Suaranya yang tulus sedikit bergetar.
Ketika tiba waktunya untuk menjadi dewasa, dia membuat keputusan paling kekanak-kanakan yang bisa dia bayangkan.
Leyla membesar-besarkan mimpinya untuk kuliah bersama karena takut kehilangan dia. Namun pada akhirnya, pernikahan tersebut ternyata merupakan kesalahan nyata yang membuatnya sangat menyesal.
Bu Etman sepenuhnya benar. Saat dia menerima lamaran Kyle, hubungannya dengan Kyle sudah melewati batas yang tidak bisa kembali lagi.
Kekesalan Bu Etman terhadap dirinya terlalu berat untuk ditanggungnya. Leyla tidak bisa memisahkan Kyle dari ibu tercintanya; apalagi dia tidak ingin Paman Bill terluka.
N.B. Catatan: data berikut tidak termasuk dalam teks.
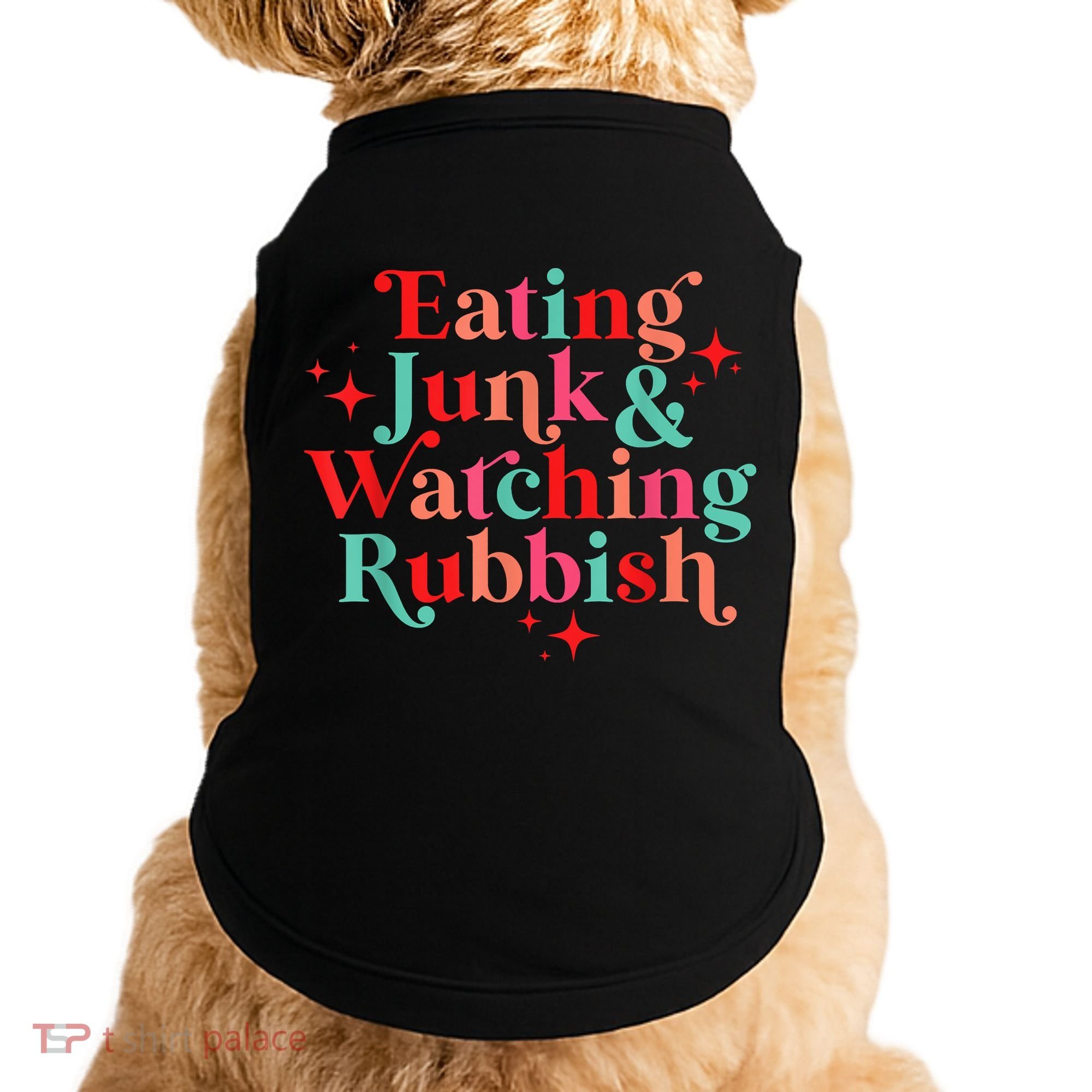 Eating Junk & Watching Rubbish Funny Christmas Doggie Tank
Pelatuknya sudah ditarik; satu-satunya hal yang bisa diperoleh dengan mengungkapkan kebenaran adalah luka di hati setiap orang. Leyla merasa tubuhnya telah terkuras habis setelah mengeluarkan begitu banyak air mata, dan tidak ada jalan untuk kembali di ujung jalan.
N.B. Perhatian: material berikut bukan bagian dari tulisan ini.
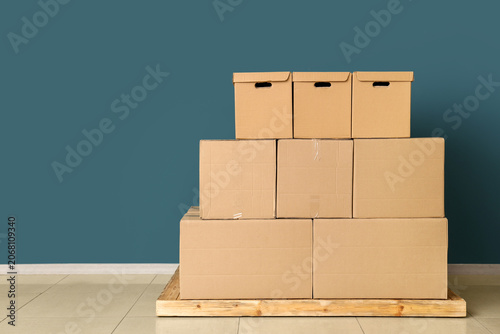 Stacked cardboard moving bo...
Jadi dia harus berbalik saat ini, dalam diam.
Itu adalah satu-satunya cara untuk menyelamatkan harga dirinya yang terakhir, keluarga Kyle, dan hati Paman Bill.
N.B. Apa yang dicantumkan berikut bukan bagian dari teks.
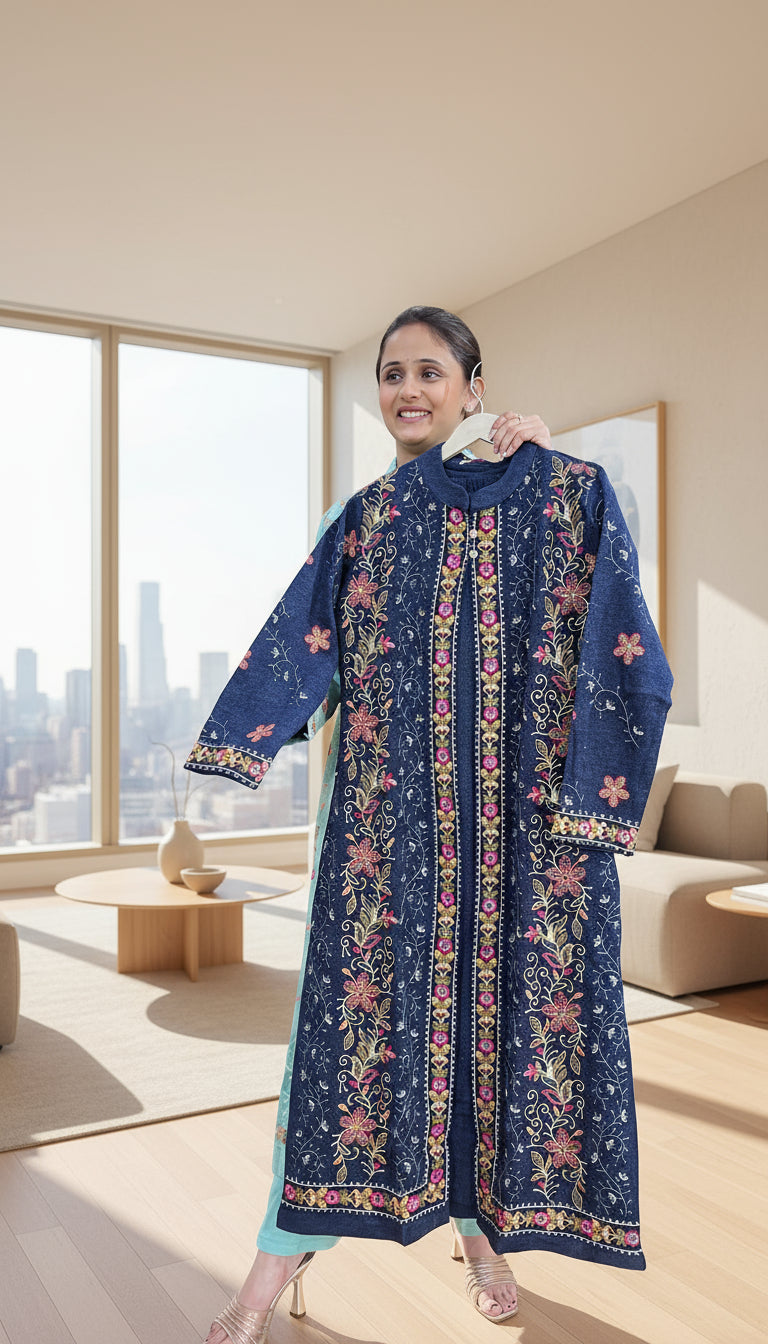 Embroidered long shrug 3 piece set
“Biarkan aku mewujudkan mimpi itu, Kyle.”
Leyla berbisik sambil menatap Kyle.
“Kita… Ayo lakukan itu”.
‘Jadi, mari kita mengucapkan selamat tinggal pada hari-hari indah yang berharga itu dan menjadi dewasa.’
Leyla menghela nafas pelan karena tidak mau menyuarakan apa yang ingin dia katakan. Nafasnya yang agak panas mengalir melalui bibirnya yang kering.
‘Jangan menangis.’
Untungnya, air mata tidak mengalir di matanya. Mantra yang dia pelajari selama ini entah bagaimana telah menunjukkan manfaatnya.
“Jangan pergi.”
Kyle, yang masih berdiri, meraih pergelangan tangan Leyla saat dia melewatinya. Tangannya yang besar dan panas gemetar.
Tidak ada Jawaban.
Leyla membuka matanya yang tertutup rapat dan mendorong tangannya menjauh.
Tangan Kyle mudah lepas. Cengkramannya pada pergelangan tangannya telah kehilangan kekuatannya.
Leyla berjalan pergi dengan langkah tanpa beban, meninggalkan Kyle yang berdiri kaku menatap sungai.
Matanya yang berkabut bersinar dengan warna merah, tapi itu tertahan sampai dia tiba di pondok.